Carlos Eduardo Arevalo Carranza, an undocumented immigrant with a long criminal history, was arrested in connection with the brutal murder of 59-year-old Larson of San Jose.
Police on Tuesday revealed that Carranza had previously been locked up and released from the Santa Clara County Jail twice in recent months.
Before he allegedly stalked and stabbed Larson to death late last month, Carranza had been ordered detained by ICE nine times in an effort to stop him from offending again.
But those requests were thwarted by local sanctuary policies mean to protect undocumented immigrants who are not considered a threat to the public.
Echoing previous criticism of the policy, San Jose Mayor Sam Liccardo in a statement said:
“Law enforcement leaders in our region, including Santa County Sheriff Laurie Smith, District Attorney Jeff Rosen, and San Jose Police Chief Eddie Garcia, have urged the County to pick up the phone and notify federal authorities when a violent or predatory felon is about to be released into our community from the jail. I fully support that position. This common-sense approach has never been deemed unconstitutional by any court, nor does it require that the County detain anyone a minute longer than the Constitution allows. We can best protect our law-abiding immigrant communities—and the rest of our city—by cooperating with other agencies to prevent predatory felons from threatening the safety of our community.”
The mayor called for restarting the conversation on the policy.

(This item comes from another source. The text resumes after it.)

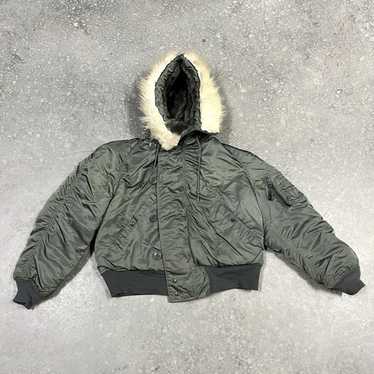 Alpha n-2b military jacket - Gem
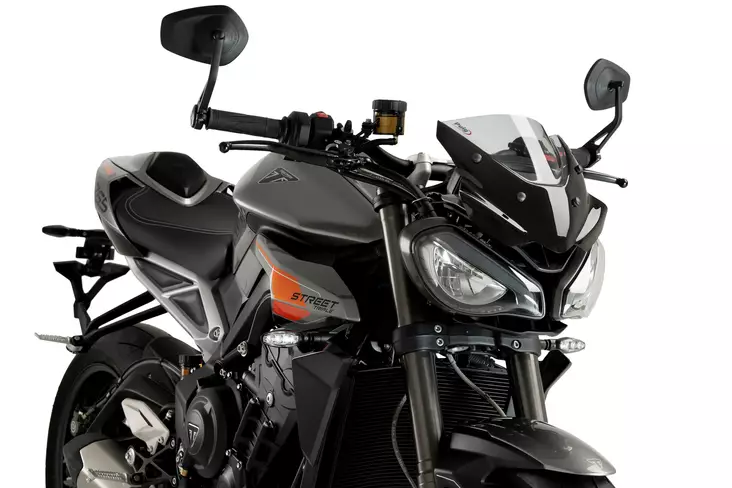 Puig Windshield New Generation Sport Tri - Vindskydd - D509282 - 1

Sheriff Laurie Smith said, “It has been my long standing position that we should notify ICE of all undocumented immigrants who are serious or violent felons. I will advocate for changing the policy.”
Also in a statement, County Supervisor Dave Corteze reminded critics of the policy that the courts have thus far ruled that the county cannot hold immigrant suspects for ice without a warrant or judicial order unless the individual is currently charged with a crime.
Corteze insisted that ICE is indeed notified of custody releases in real time but that ICE often shows up too late to take action. County Council James Williams clarified the policy.
“There has been a lot of confusion about the law and about what the county can and cannot do. Federal courts for many years all across the country have ruled that holding people beyond their release time violates the 4th amendment of the U.S. Constitution and the only way we can legally hold people is if we have a warrant,” Williams said.